Savings made this year in terms of feed and forage on livestock farms are large enough to offset increases in input prices, the Teagasc mid-year outlook report states. The savings are compared to the high costs of feed during the spring snow and summer drought of 2018.

Teagasc economists say that dairy incomes, which fell substantially in 2018, are set to rebound in 2019 due to savings on feed and strong growth in milk production. There has been a large increase in milk yields this year despite lower growth in dairy herd numbers, which could see the volume of Irish milk production increase by 10%. If weather conditions stay favourable, the average income on dairy farms could increase by about €12,000 in 2019, taking the average Irish dairy farm income to €74,000 – a 20% increase.

Difficulties

This year is proving more difficult on beef and sheep farms. Feed use has returned to normal levels, but the drop in cattle prices is having a big effect on margins. Weanling prices are down 8% and finished animal prices down more than 6%, relative to 2018 levels.

However,Teagasc says that incomes on the average cattle finishing farm will increase, largely due to the receipt of BEAM payments. Without this exceptional aid, incomes this year would only recover a little on last year’s very low levels.

"Excluding the exceptional aid measure, the gross margins on cattle finishing farms will increase (+13%) and on single suckling farms (+4%)," the report states.

Sheep

In the sheep sector, lamb prices are forecast to average 9% lower than in 2018. The reduction in feed costs will not be sufficient to offset the forecast decline in gross output, the report says.
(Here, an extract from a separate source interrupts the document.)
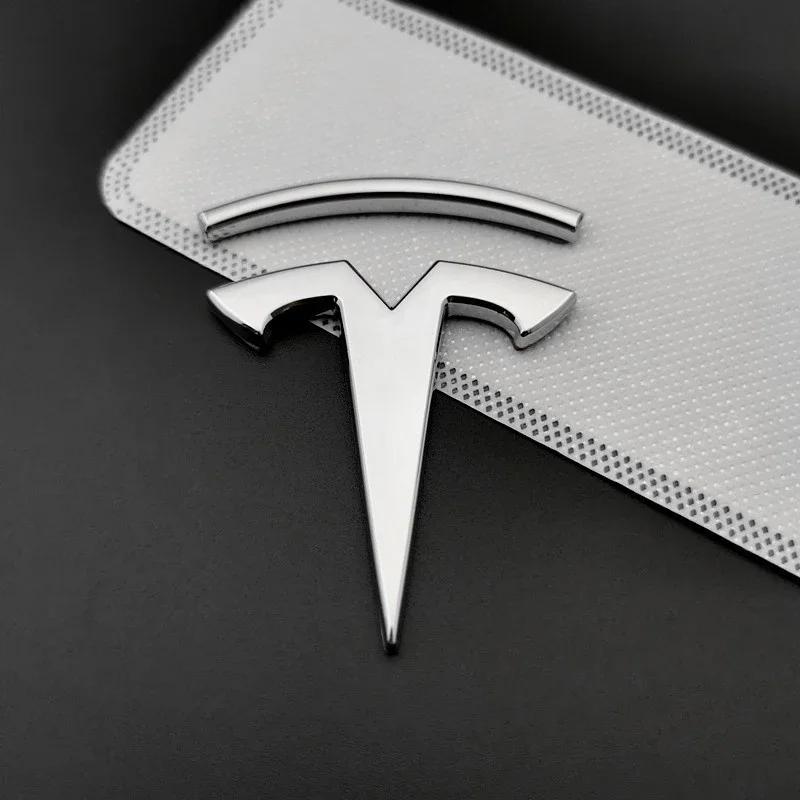 Car Sticker 2025 Hot Suitable for Tesla logo metal car stickers, refit side stickers, 3D personalized creative rear stickers For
Incomes on sheep farms are set to fall by 4% in 2019, while the average income on tillage farms could drop below €35,000, a decline of over 20%.

Incomes

In income terms, tillage farms had a better year in 2018 than the weather conditions might have suggested, due to a sharp rise in cereal prices. Production conditions for cereal crops in 2019 have been considerably better, however inflation of input prices and a 30% reduction in harvest prices will lead to a drop in cereal margins.